Many would think that bringing the boys home would be the beginning our “happy ever after”, but adoption is messy and hard.  We brought into our home two boys (nicknames used), then aged 4 (Messi) and 5 (Bolt), who spoke no English, and had spent years living in an orphanage.  The first few months were exhausting, but we were hopeful that with a lot of love, we would all settle quickly.  That didn’t happen and we began the journey of dealing with post-traumatic stress disorder (PTSD) and reactive attachment disorder (RAD) with Bolt.  Years into therapy, I was sitting talking to his therapist as we both began to question that we might be dealing with something else as well, autism.  Sure enough, about 18 months after that conversation, Bolt was given the official diagnosis of autism.  We then spent the next year trying to find therapists and providers to work with him and hit road block after road block.  I remember asking his psychiatrist what he would do in our situation and he told us he would relocate to another state with better services for those on the spectrum.  I spent the next month doing research and talking to people who are experts in autism and was basically told some of the best states for services, most of which were on the East Coast.  A month later, we put our house on the market and travelled to Pennsylvania to interview for jobs.  We both accepted jobs on that trip and found a house to rent the school district we had already chosen.  We returned home, our house quickly sold, we packed up everything, and began the cross-country journey in January of 2015.

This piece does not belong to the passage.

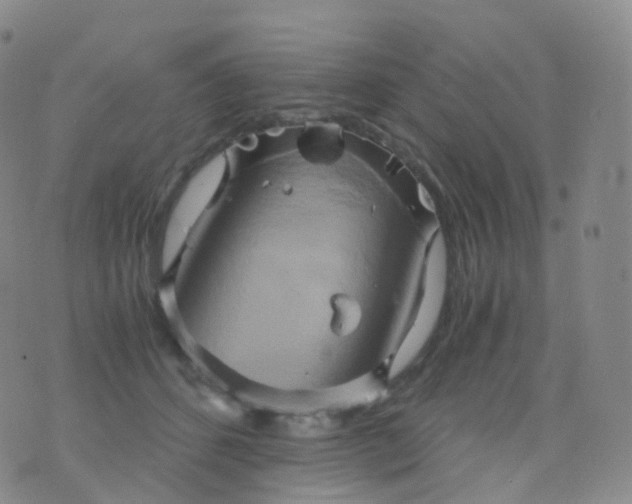 X0000076430512200610202248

As far as the move went, it was absolutely the right decision for my sons.  Both have flourished in Pennsylvania.  The school autism support has made a night and day difference in Bolt’s coping skills and social skills.  For Messi, he has developed friends and found an awesome soccer club.  I, on the other hand, really struggled with the move and found my introvert tendencies fully blossom in an area where I knew no one.  My job as an emergency room nurse was no longer fulfilling and I found myself angry and withdrawn and almost paralyzed by fear in social situations.  By October of 2016, I realized that I needed to do something for myself and began seriously thinking and praying about going back to school.  In early December, I was accepted into a master of public health (MPH) program and found the fog I had experienced since the move begin to lift.  Little did I know that while I was busy finding myself again, my husband was finding himself…with another woman.